Work order: Images should be omitted while the rest of the data is duplicated exactly.

Material provided:
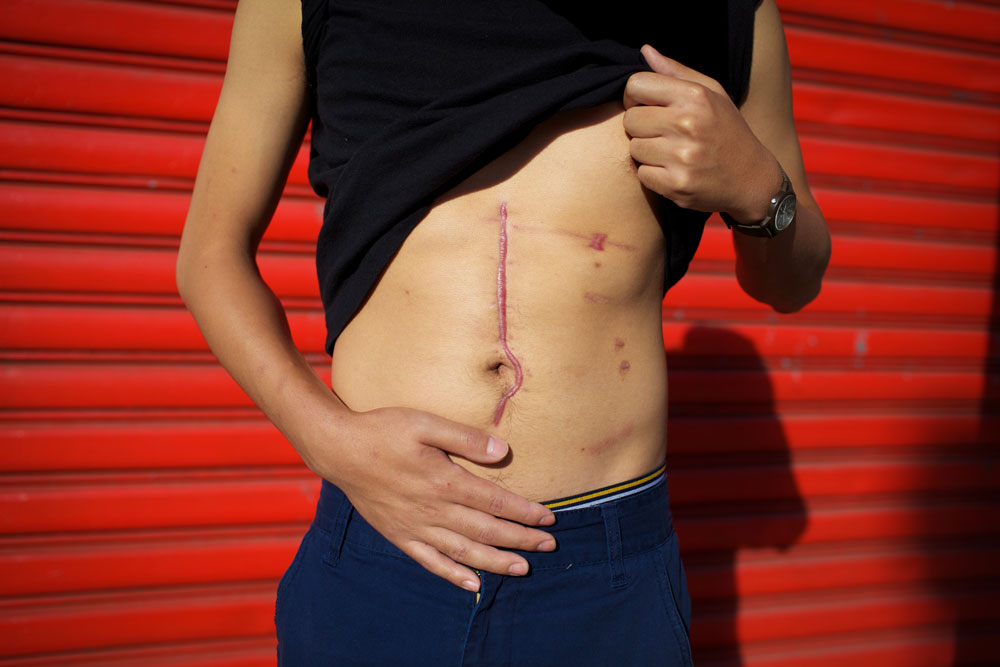 ©Kathy Shorr, Antonius: Shot on a crowded Brooklyn street corner at 2:30 pm by a man trying to shoot his ex-girlfriend. Brooklyn, New York 2013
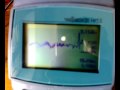 Home Made ECG with oscilloscope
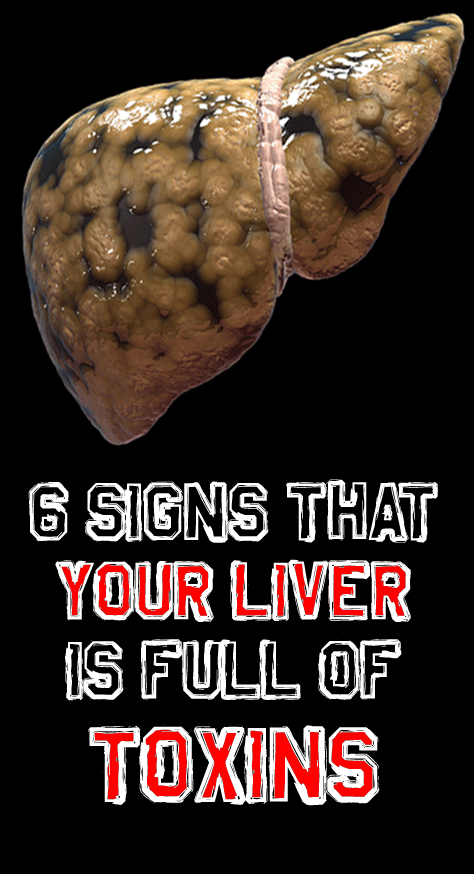 The symptoms that can indicate a livers in need of detoxification are as below:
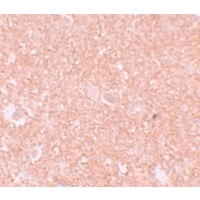 Anti-NALP10 antibody used in Immunohistochemistry. GTX85154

Output for this exercise:
 ©Kathy Shorr, Antonius: Shot on a crowded Brooklyn street corner at 2:30 pm by a man trying to shoot his ex-girlfriend. Brooklyn, New York 2013
 Home Made ECG with oscilloscope
 The symptoms that can indicate a livers in need of detoxification are as below:
 Anti-NALP10 antibody used in Immunohistochemistry. GTX85154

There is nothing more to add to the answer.